2014-07-27 7:09 GMT+02:00 Ben Coman <[email protected]>:

>
>
>
>
> 2014-07-25 16:56 GMT+02:00 Ben Coman <[email protected]>:
>
>>
>> Over the last few days I have been looking deeper into the image locking
>> when suspending a process. It is an interesting rabbit hole [1] that leads
>> to pondering the Delay machinery, that leads to some VM questions.
>>
>> When  pressing the interrupt key it seems to always opens the debugger
>> with the following call stack.
>> Semaphore>>critical:   'self wait'
>> BlockClosure>>ensure:     'self valueNoContextSwitch'
>> Semaphore>>critical:      'ensure: [ caught ifTrue: [self signal]]
>> Delay>>schedule         'AccessProtect critical: ['
>> Delay>>wait              'self schedule'
>> WorldState>>interCyclePause:
>>
>>
> Nicolai Hess wrote:
>
>  Hi Ben,
>
>  I am on Windows too :(
>  So, the fixes does not work (not always) on winddows too. But at least
> they make it less probable to occure, but it still happens.
>  The most distracting thing is, after the first ui lock, pressing
> alt+dot, closing the debuggers, pressing alt+dot ....
> and trying to close the very first debugger, after that, it all works. The
> UI is responsive again and suspending the process does
> not block the ui anymore.
>  It "looks like" supsending the process reactivates another process that
> blocks the UI. And as soon as I terminate this
> process (alt+dot, close debugger ...) all works.

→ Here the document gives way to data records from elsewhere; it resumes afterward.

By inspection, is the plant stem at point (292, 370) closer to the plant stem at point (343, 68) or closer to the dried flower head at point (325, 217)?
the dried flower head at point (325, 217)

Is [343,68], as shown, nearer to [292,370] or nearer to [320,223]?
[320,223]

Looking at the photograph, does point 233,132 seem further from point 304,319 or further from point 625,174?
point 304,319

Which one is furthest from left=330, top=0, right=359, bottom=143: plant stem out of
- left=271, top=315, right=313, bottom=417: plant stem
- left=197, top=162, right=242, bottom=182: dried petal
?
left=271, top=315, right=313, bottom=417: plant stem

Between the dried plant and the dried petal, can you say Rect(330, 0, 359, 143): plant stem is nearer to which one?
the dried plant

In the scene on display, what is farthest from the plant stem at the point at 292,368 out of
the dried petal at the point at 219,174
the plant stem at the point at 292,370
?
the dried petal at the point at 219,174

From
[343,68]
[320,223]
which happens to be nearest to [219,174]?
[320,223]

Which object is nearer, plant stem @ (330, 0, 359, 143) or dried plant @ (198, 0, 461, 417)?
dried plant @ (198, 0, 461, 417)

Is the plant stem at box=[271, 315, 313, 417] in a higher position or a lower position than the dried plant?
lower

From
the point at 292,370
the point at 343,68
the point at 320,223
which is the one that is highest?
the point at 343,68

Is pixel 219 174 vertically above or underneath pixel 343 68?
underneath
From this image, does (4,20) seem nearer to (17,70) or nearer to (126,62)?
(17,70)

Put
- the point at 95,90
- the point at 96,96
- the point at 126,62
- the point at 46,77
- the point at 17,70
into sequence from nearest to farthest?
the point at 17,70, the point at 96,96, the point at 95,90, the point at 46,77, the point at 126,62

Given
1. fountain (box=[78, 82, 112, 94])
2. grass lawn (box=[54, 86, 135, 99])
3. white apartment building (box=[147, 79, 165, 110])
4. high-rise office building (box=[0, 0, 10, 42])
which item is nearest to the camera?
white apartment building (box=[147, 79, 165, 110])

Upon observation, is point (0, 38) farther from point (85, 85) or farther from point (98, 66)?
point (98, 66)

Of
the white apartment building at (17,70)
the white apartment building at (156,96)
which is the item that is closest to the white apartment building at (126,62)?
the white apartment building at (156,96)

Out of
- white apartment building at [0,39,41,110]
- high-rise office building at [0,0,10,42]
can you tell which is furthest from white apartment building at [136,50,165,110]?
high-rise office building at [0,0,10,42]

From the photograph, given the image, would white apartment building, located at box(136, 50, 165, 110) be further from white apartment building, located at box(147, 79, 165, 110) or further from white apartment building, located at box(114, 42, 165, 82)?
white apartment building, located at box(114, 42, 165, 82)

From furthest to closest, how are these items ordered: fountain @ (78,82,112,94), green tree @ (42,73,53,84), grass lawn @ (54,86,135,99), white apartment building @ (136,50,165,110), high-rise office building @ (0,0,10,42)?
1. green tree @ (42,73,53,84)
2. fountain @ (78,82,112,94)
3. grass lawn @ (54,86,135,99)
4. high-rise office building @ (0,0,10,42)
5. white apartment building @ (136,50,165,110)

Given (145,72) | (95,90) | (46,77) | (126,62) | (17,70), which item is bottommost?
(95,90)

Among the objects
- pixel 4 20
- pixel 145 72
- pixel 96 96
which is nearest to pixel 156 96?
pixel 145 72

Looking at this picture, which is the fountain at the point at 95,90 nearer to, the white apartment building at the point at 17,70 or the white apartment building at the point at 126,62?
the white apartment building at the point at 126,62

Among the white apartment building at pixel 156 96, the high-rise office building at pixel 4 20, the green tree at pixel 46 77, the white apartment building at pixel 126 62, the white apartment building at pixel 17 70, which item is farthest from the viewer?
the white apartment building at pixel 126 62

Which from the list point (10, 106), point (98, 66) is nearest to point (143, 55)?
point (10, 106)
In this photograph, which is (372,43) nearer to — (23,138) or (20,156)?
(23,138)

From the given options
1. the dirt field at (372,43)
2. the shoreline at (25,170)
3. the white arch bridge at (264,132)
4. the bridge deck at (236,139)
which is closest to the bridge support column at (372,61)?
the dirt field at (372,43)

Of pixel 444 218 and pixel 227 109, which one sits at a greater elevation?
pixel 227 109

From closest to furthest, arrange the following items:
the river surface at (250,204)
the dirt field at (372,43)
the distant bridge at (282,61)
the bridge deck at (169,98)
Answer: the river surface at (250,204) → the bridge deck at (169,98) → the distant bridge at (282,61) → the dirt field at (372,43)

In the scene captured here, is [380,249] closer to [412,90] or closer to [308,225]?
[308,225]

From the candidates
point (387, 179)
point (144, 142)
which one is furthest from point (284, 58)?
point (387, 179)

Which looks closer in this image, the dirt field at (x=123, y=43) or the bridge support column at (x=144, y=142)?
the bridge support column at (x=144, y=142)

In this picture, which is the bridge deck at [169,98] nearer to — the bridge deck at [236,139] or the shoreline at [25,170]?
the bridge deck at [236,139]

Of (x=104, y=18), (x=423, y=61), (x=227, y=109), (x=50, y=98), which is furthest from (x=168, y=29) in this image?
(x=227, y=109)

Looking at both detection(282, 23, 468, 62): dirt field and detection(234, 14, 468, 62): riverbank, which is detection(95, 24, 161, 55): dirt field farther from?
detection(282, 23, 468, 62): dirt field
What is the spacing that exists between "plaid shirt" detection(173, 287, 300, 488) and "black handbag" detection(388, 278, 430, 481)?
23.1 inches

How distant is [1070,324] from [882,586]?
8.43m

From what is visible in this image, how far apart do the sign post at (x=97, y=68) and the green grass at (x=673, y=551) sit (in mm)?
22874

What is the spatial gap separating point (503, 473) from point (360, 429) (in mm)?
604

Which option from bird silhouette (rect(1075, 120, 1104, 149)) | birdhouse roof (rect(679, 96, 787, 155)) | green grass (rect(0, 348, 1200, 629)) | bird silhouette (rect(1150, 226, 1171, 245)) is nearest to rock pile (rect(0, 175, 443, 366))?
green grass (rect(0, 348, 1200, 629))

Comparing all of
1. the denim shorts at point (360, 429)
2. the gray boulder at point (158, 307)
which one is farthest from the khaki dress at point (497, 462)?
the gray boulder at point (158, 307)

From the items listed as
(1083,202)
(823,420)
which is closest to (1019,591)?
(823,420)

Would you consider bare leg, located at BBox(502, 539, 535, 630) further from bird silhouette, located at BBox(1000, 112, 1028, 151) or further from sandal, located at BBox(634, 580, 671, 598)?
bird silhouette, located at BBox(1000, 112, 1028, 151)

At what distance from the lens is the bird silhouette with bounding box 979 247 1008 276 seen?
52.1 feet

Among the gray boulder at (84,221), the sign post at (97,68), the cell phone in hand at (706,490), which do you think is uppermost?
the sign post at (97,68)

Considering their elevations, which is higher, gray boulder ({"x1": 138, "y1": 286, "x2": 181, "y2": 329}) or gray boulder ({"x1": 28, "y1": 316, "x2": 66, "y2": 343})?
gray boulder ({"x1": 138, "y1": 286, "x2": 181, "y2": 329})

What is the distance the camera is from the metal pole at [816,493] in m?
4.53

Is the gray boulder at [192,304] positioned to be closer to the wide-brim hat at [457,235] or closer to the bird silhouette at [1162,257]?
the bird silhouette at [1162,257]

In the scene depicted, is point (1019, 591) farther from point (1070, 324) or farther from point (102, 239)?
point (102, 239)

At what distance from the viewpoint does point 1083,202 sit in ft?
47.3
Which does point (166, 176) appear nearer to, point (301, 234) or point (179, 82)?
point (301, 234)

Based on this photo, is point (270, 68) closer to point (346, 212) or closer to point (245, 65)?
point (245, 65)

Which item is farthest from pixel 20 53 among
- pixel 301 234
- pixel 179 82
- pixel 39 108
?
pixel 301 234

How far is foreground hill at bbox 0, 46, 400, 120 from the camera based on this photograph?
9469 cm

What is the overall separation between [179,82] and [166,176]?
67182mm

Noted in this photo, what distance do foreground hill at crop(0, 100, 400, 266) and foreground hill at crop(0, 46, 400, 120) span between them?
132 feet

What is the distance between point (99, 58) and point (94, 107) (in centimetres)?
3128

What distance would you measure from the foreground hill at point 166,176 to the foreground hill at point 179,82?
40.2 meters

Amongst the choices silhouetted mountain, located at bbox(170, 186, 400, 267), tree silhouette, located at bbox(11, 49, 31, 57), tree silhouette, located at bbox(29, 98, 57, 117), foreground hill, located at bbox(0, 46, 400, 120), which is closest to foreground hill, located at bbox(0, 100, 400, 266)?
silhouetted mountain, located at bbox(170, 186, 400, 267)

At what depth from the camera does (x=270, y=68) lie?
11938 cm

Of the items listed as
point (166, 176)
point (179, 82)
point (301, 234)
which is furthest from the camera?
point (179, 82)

>  But I really don't know.
>
> Nicolai
>
>
> Hi Nicolai,  I have something for you to try.
>
> With the problem seeming to be stuck in the semaphore critical section, I
> read around on mutexes and semaphores and found [1] enlightening, which
> says: "The correct use of a semaphore is for signaling from one task to
> another. A mutex is meant to be taken and released, always in that order,
> by each task that uses the shared resource it protects. By contrast, tasks
> that use semaphores either signal or wait—not both. [...] Any two RTOS
> tasks that operate at **different priorities** and coordinate via a mutex,
> create the opportunity for priority inversion [...while...] semaphores
> [...] do not cause priority inversion when used for signaling." [1]
>
> To summarize with an example, here's how to use a mutex:
> /* Task 1 */
>    mutexWait(mutex_mens_room);
>       // Safely use shared resource
>    mutexRelease(mutex_mens_room);
>
> /* Task 2 */
>    mutexWait(mutex_mens_room);
>       // Safely use shared resource
>    mutexRelease(mutex_mens_room);
>
> By contrast, you should always use a semaphore like this:
> /* Task 1 - Producer */
>     semPost(sem_power_btn);   // Send the signal
>
> /* Task 2 - Consumer */
>     semPend(sem_power_btn);  // Wait for signal
>
> I am out of my depth here, but in light [1] the way the current code seems
> to mix semaphore/mutex concepts with Semaphore>>forMutalExclusion and
> Semaphore>>critical:  gave me some concern.  Anyway, the delay scheduling
> code seemed more like a producer/consumer signaling problem than a shared
> resource mutal exclusion problem, so I rewrote it like the former and fixes
> the problem without causing any *obvious* problems.  However I lack
> experience here and it could definitely use some review.  Can you take the
> attached zip file and...
>
> 1. File in "Delay class-new delay code part 1.st"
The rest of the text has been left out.